MagLiteracy will participate in the Mount Vernon Farmers Market at the Public Square on June 1, Aug. 3, Sept. 7 and Oct. 5. A selection of magazines will be available at no cost at their booth, along with outreach information for food banks interested in ordering magazines, and individuals or organizations interested in volunteering or making a donation.
While food banks feed the hungry, MagLiteracy feeds the mind.
“There are so many stories of how that one book, that one comic or that one magazine opened up someone’s eyes to a whole new world,” said John Mennell, founder and chairman of MagLiteracy. “We’re not just sharing stories; we’re creating them.”
MagLiteracy delivers new and recycled magazines at no cost to at-risk readers in food pantries, shelters, senior centers and other organizations in need of reading material. For instance, a trove of cooking magazines was delivered to a shelter and culinary job training program for trafficked women in Columbus, Ohio. With help from those magazines, the women are now learning culinary skills and some basics like math.
“Illiteracy is a root cause of poverty and hunger,” Mennell said. “And when we say poverty, we’re also referring to poverty of the mind, poverty of the heart. In the same way Kroger supplies food banks with surplus food, we’re able to give a new life to reading materials supplied to us by our partners.”

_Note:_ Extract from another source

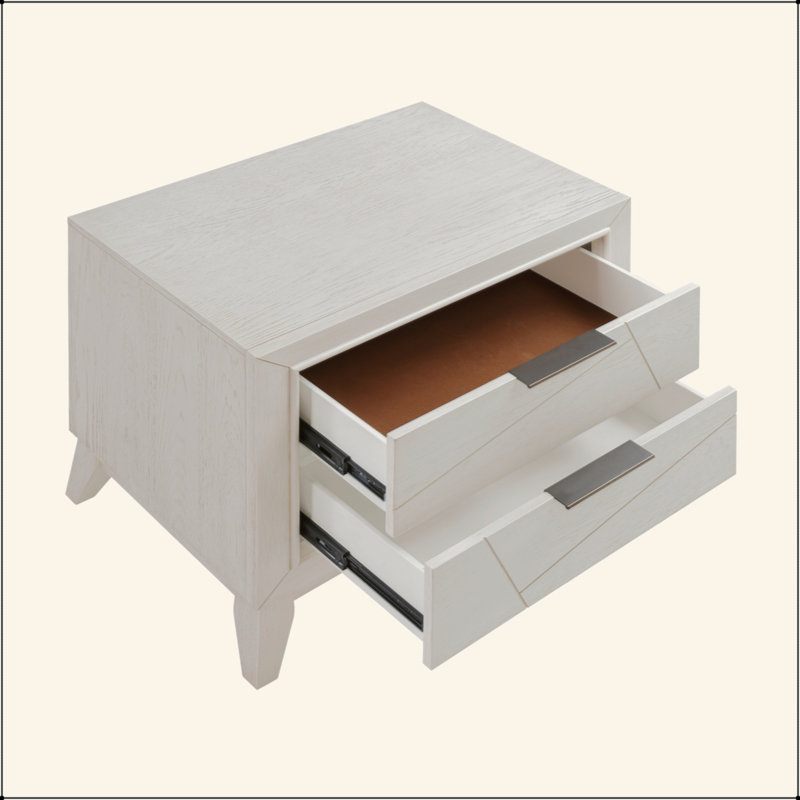 Table de chevet à finition blanche antique avec tiroirs, meubles de chambre à coucher modernes, 1 pièce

The National Center for Education Statistics reports that as of 2019, one in five U.S. adults — about 43 million people — possess low literacy skills, defined as the ability to understand, evaluate, use and engage with written texts to participate in society, achieve one’s goals and develop one’s knowledge and potential. Two-thirds of U.S. children in poverty live in homes with zero books. So, MagLiteracy set out to share the reading materials that we all love to feed children and families hungry to read.